Art. 48.São instrumentos de transparência da gestão fiscal, aos quais será dada ampla divulgação, inclusive em meios eletrônicos de acesso público: os planos, orçamentos e leis de diretrizes orçamentárias; as prestações de contas e o respectivo parecer prévio; o Relatório Resumido da Execução Orçamentária e o Relatório de Gestão Fiscal; e as versões simplificadas desses documentos.

Parágrafo único. A transparência será assegurada também mediante:

I – incentivo à participação popular e realização de audiências públicas, durante os processos de elaboração e discussão dos planos, lei de diretrizes orçamentárias e orçamentos;

II – liberação ao pleno conhecimento e acompanhamento da sociedade, em tempo real, de informações pormenorizadas sobre a execução orçamentária e financeira, em meios eletrônicos de acesso público;

III – adoção de sistema integrado de administração financeira e controle, que atenda a padrão mínimo de qualidade estabelecido pelo Poder Executivo da União e ao disposto no art. 48-A.
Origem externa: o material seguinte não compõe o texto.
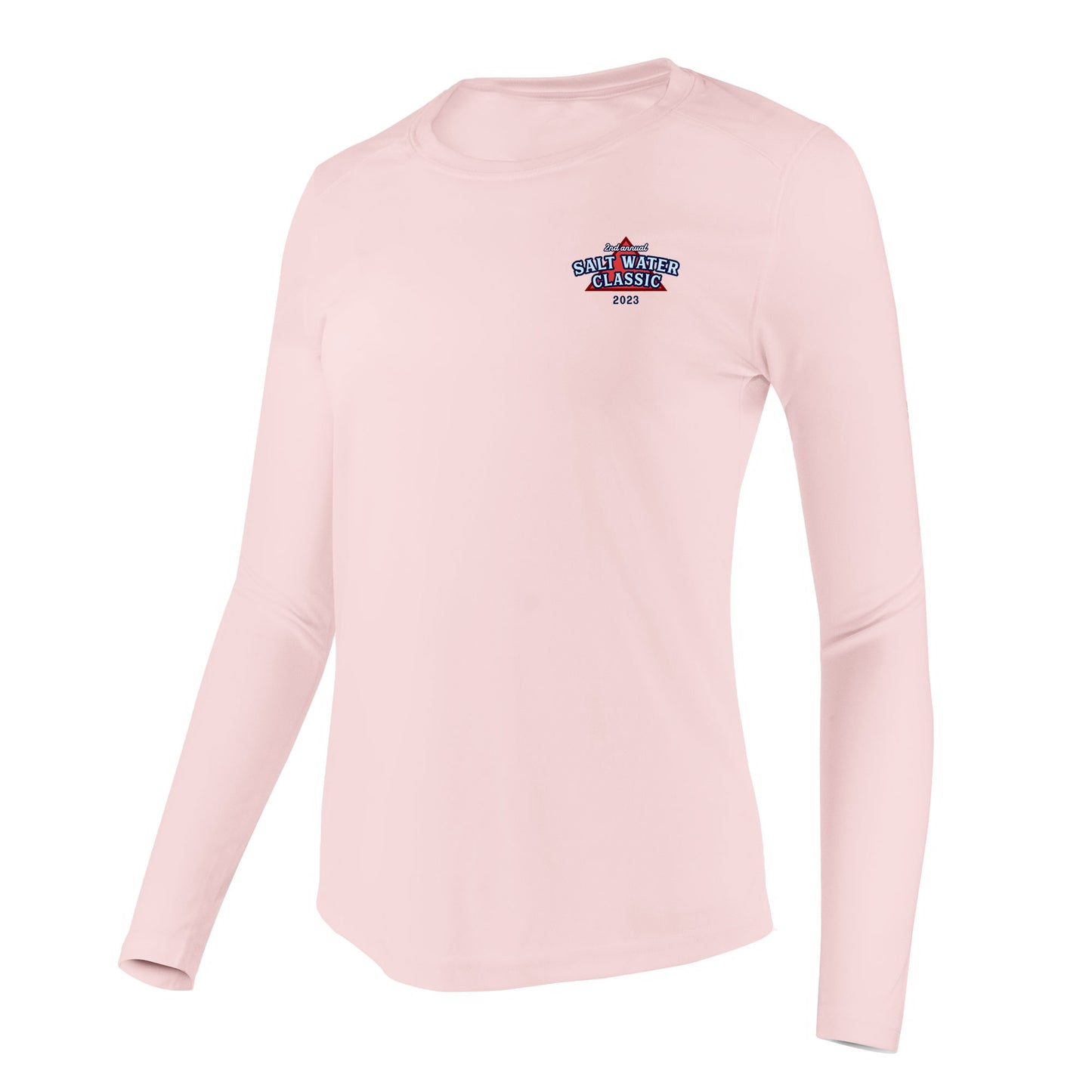 Salt Water Classic | Recycled Solar Performance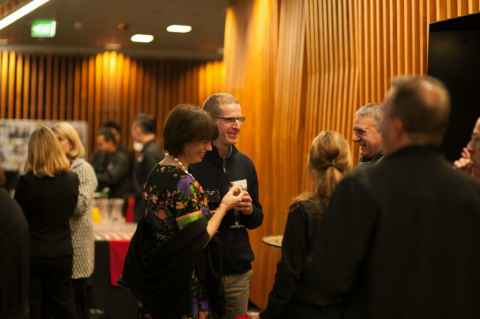 MBChB Reunion, June 2016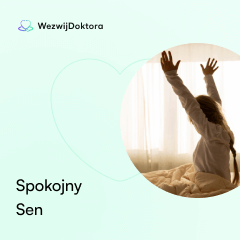 Spokojny  Sen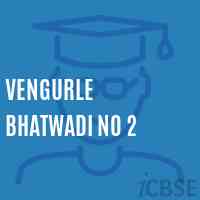 Vengurle Bhatwadi No 2 Primary School Logo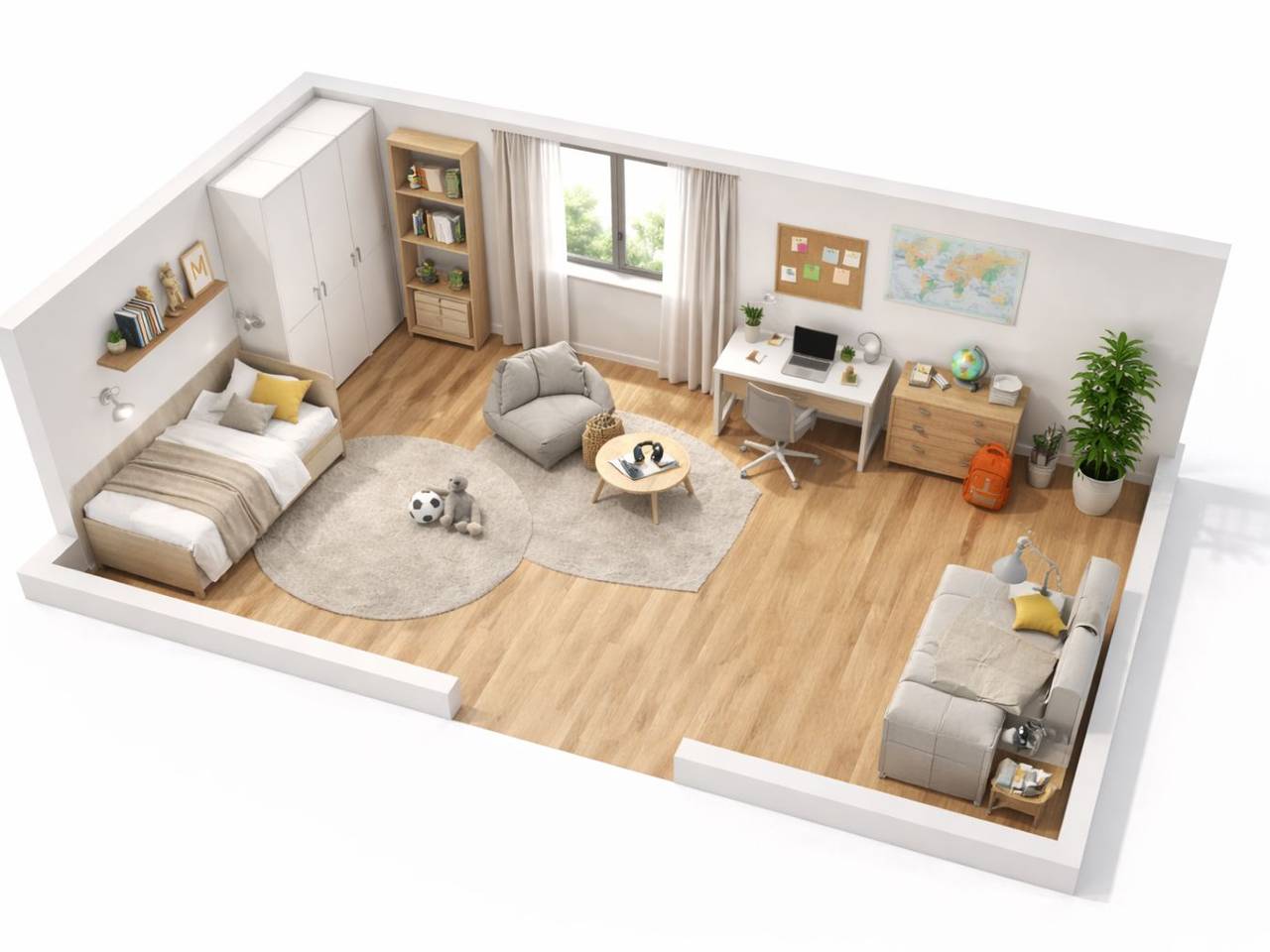 negozio in affitto a Monza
Art. 48-A. Para os fins a que se refere o inciso II do parágrafo único do art. 48, os entes da Federação disponibilizarão a qualquer pessoa física ou jurídica o acesso a informações referentes a:

I – quanto à despesa: todos os atos praticados pelas unidades gestoras no decorrer da execução da despesa, no momento de sua realização, com a disponibilização mínima dos dados referentes ao número do correspondente processo, ao bem fornecido ou ao serviço prestado, à pessoa física ou jurídica beneficiária do pagamento e, quando for o caso, ao procedimento licitatório realizado;

II – quanto à receita: o lançamento e o recebimento de toda a receita das unidades gestoras, inclusive referente a recursos extraordinários.

De modo a definir claramente como deve se dar essa transparência, no âmbito governamental, dando concretude a essa questão, ainda que a lei citada careça de parâmetros escalonados, tratando ainda a questão da transparência de forma absoluta.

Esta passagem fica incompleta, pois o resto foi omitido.